Hydration water in IDPs

Water forms the natural matrix of biomolecules and drives a wide variety of crucial interactions within the cell. The hydration water layer, termed as ‘biological water’, present in the vicinity of proteins shares an intimate relationship with protein functions and plays critical roles in folding, binding, assembly, regulation, and catalysis. However, little is known about the behavior of water in IDPs. Our results showed that collapsed IDP globules prefer chain-chain interactions as opposed to chain-solvent interactions and possess a highly ordered water network akin to water clusters found under nanoconfinement. Subsequently, using site-specific ultrafast experiments, we were able to construct the time-resolved snapshots of water molecules in the hydration layer of a-synuclein. The hydration map revealed site-specific solvation dynamics and the presence of quasi-bound water molecules around the amyloidogenic segment of the protein. Our results on solvation dynamics demonstrated that amyloid formation is associated with extensive rearrangement and rigidification of the water structure around the polypeptide chain and the entropic release plays a pivotal role in directing the course of amyloid assembly.

Development and adaptation of new methodologies

A diverse array of existing and emerging spectroscopic and microscopic tools is being developed, adapted, and utilized in our lab to study the behavior of IDPs and the mechanism of phase separation and amyloid formation. The fluorescence depolarization by following the picosecond time-resolved fluorescence anisotropy has been one of the most utilized methodologies in our lab.
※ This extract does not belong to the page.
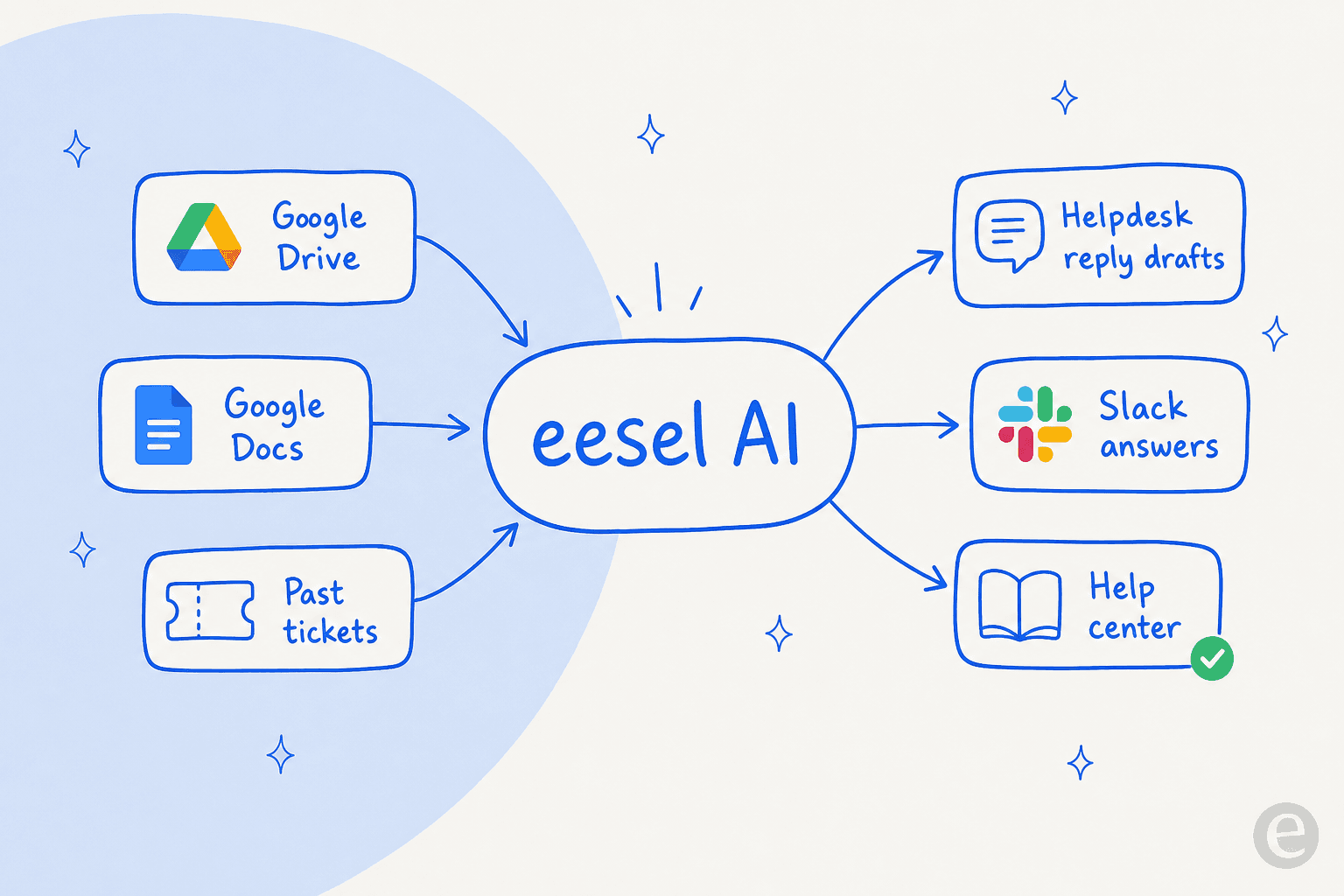 Hub-and-spoke diagram showing eesel AI connecting Google Drive, Google Docs, and past tickets to helpdesk reply drafts, Slack answers, and a help center.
Using this approach, we have been able to discern various essential modes of chain dynamics (local, segmental/backbone dihedral, long-range, global dynamics) of IDPs and their assemblies on the picosecond-nanosecond timescale. Recently, using anisotropy decay measurements, we have been able to probe energy migration via homo-FRET that illuminates the inner workings of a-synuclein amyloids. These unique and sensitive measurements yielded a 2D-proximity correlation map of a large number of intermolecular distances and detected unique, previously unobserved cross-talks between the hetero-terminal, disordered, fuzzy, inter-protofilament interfaces of the parallel-in-register amyloid spines. A relay of transient interactions via dense, dynamic, fuzzy, and mesh-like network enclosing the ordered amyloid-core can modulate the higher-order packing and nanoscale morphology which governs the amyloid polymorphism responsible for distinct strain-specific disease phenotypes in pathological amyloids. We are also involved in developing and adapting nano-biophysical tools, super-resolution near-field scanning optical microscopy, and ultrasensitive Raman spectroscopic techniques to elucidate the inner workings of amyloids and phase-separated liquid droplets.